> [Your task]: What is needed is the exact text of each line in the listing below from the one with "ARIAT WORK Men's" up to and including the one with "Leaping Butterfly Australian Shepherd Decal", and no pictures.

Exercise material section start

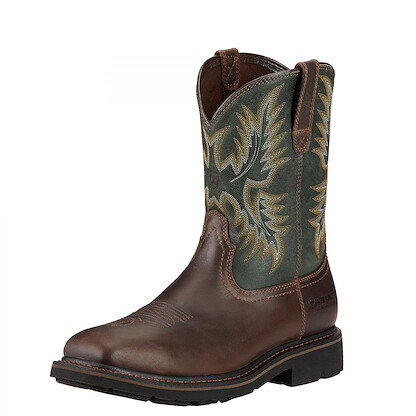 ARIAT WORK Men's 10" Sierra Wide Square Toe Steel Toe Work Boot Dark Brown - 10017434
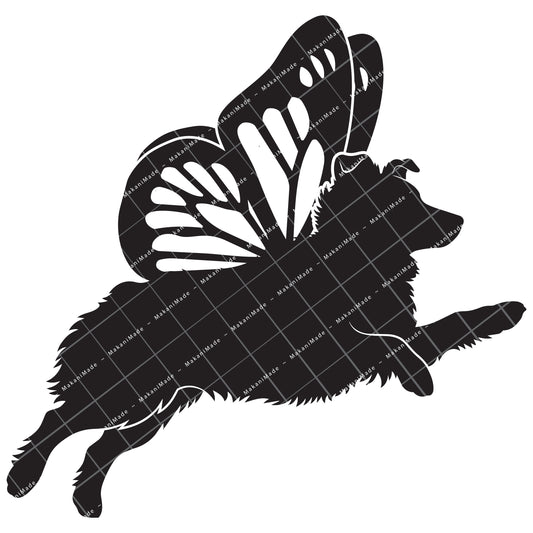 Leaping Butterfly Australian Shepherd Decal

Exercise material section end
Exercise material section start

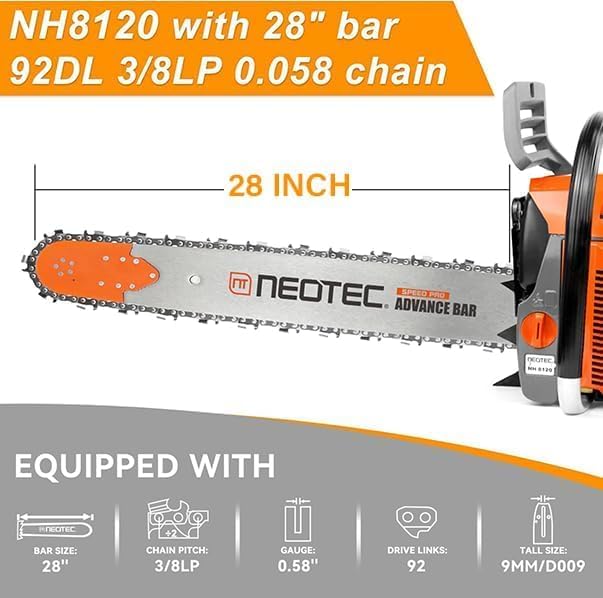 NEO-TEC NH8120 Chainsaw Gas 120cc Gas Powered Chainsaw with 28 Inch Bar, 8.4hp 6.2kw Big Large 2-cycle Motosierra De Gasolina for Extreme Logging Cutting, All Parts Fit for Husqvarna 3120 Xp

Exercise material section end

> [Answer area]:
 ARIAT WORK Men's 10" Sierra Wide Square Toe Steel Toe Work Boot Dark Brown - 10017434
 Leaping Butterfly Australian Shepherd Decal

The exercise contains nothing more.